Он вынул из своей элегантной сумочки шикарный седовласый парик, который всегда надевал перед входом в женскую помывку, а из парика вытащил свой энзэ. Купюра Безмочалкина была новенькой до хруста. Видать, предназначалась для соблазнения прекрасных купальщиц.
Производитель педагогического брака Молекулов держал заначку в своем противорадикулитном поясе из собачьей шерсти, и потому от его приношения за версту несло и овчаркой, и пуделем, и дворнягой.
У пропагандиста ломоносовских и ньютоновских научных задов Профанова клад находился, естественно, под пяткой, конкретно – под стельками ботинок. Причем это хранилище было оборудовано так давно, что уже побывало в ремонте, и ничего не ведающий сапожник приколотил купюру в нескольких местах к подметке.
И вот милицейская фуражка, в которой гордо лежат трешницы, пятерки, десятки и даже одна полусотня, торжественно водружается на барную стойку, прямо перед носом нигилиста в седьмом поколении Подстаканникова.
Изумленно взирает на нее нигилист. Неужто сбылась вековая мечта колдыбанских буфетчиков, неужто завсегдатаи «Утеса» выпьют третий стакан не в долг, а на свои?
– Внуки и правнуки, бармены в восьмом и девятом поколениях, не поверят, – бормочет Подстаканников. – Я должен сохранить это вещественное доказательство для потомков.

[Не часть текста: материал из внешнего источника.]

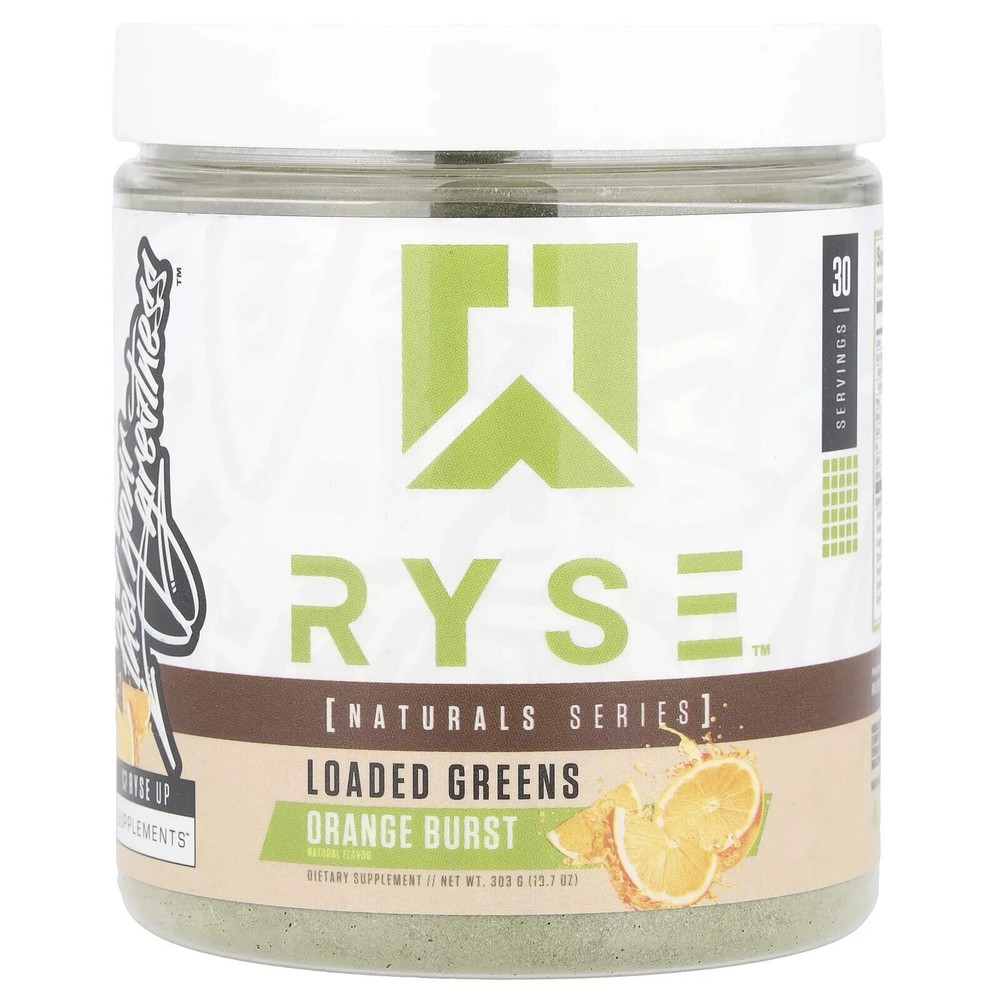 RYSE LOADED GREENS ORANGE BURST (10.7 OZ) 303G 30-SERVINGS SUPERFOOD EXP 10/2025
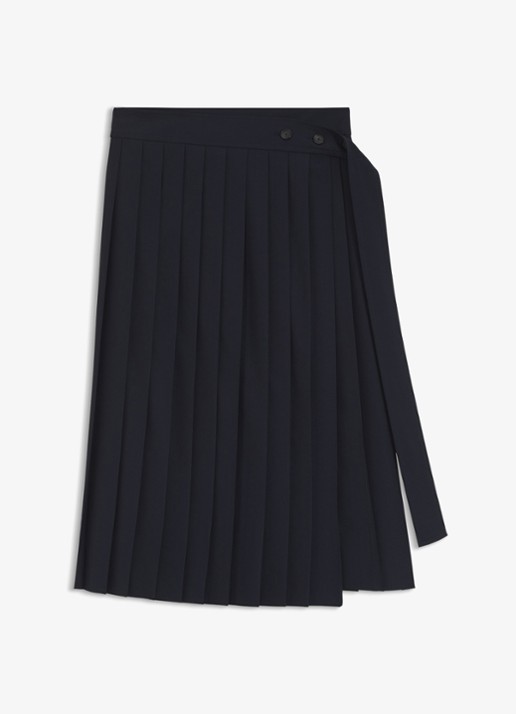 BOSS Midi plooirok in wolblend - voorkant donkerblauw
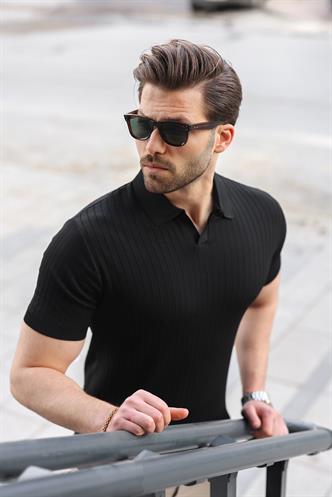 Siyah Polo Yaka Triko Erkek Tişört E7461
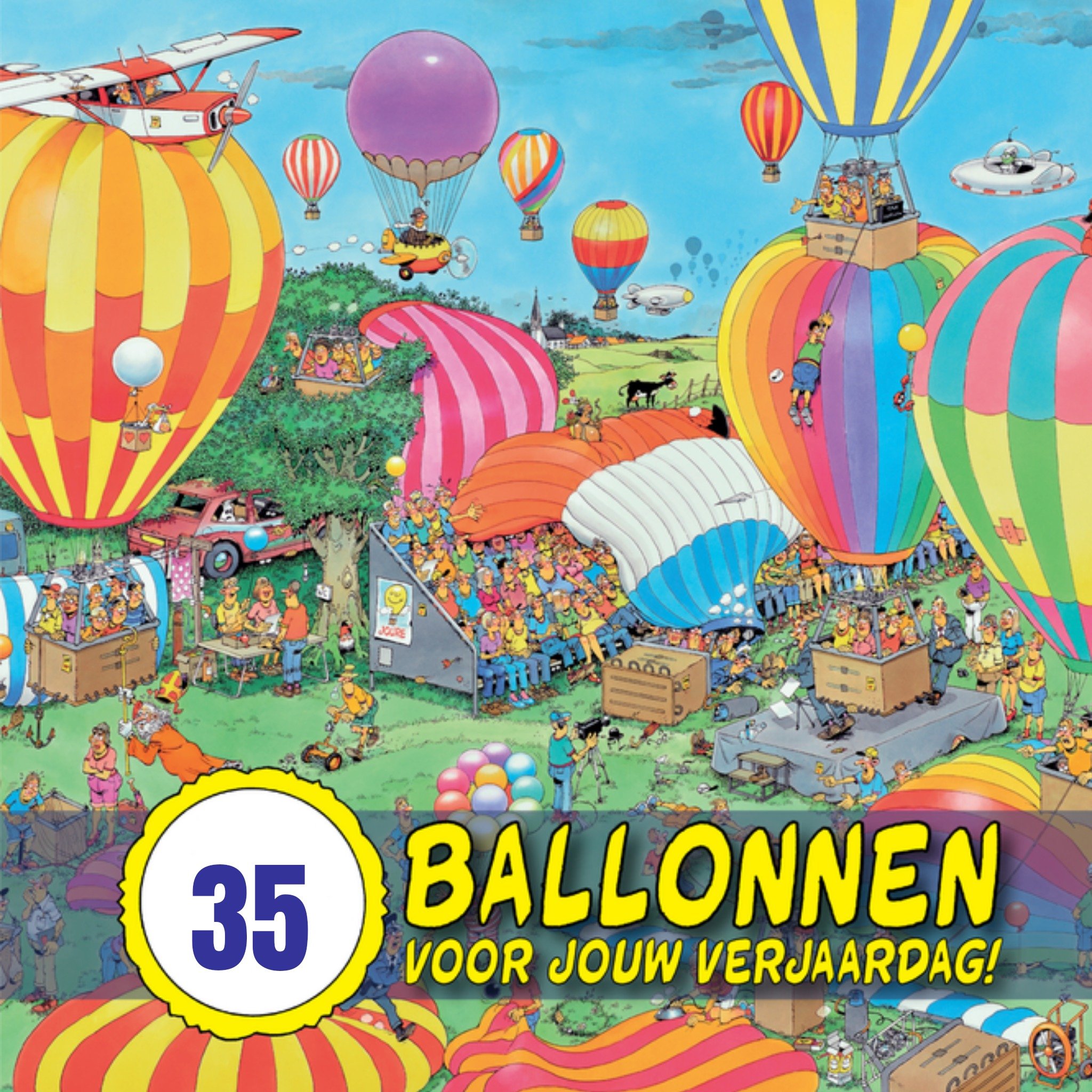 Verjaardags kaart met luchtballonnen Vierkante Kaart Jan van Haasteren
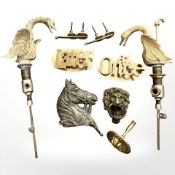 Brass 'Later' and 'At Once' desk paper clips, pair of ornate gilt metal taps in the form of swans,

Он вытрясает содержимое милицейской фуражки в сейф и торопливо захлопывает его, будто прячет подвески французской королевы. Затем Подстаканников оборачивается к барной стойке. Впервые рука нашего бармена дрожит от волнения. Тем не менее истинный напиток он разливает в край, не пролив ни одной капли.
– В этом мире, Юрий Цезаревич, – многозначительно молвил флагманский столик, – всё – балаган. Но… балаган балагану – рознь. Здесь и сейчас – наш балаган.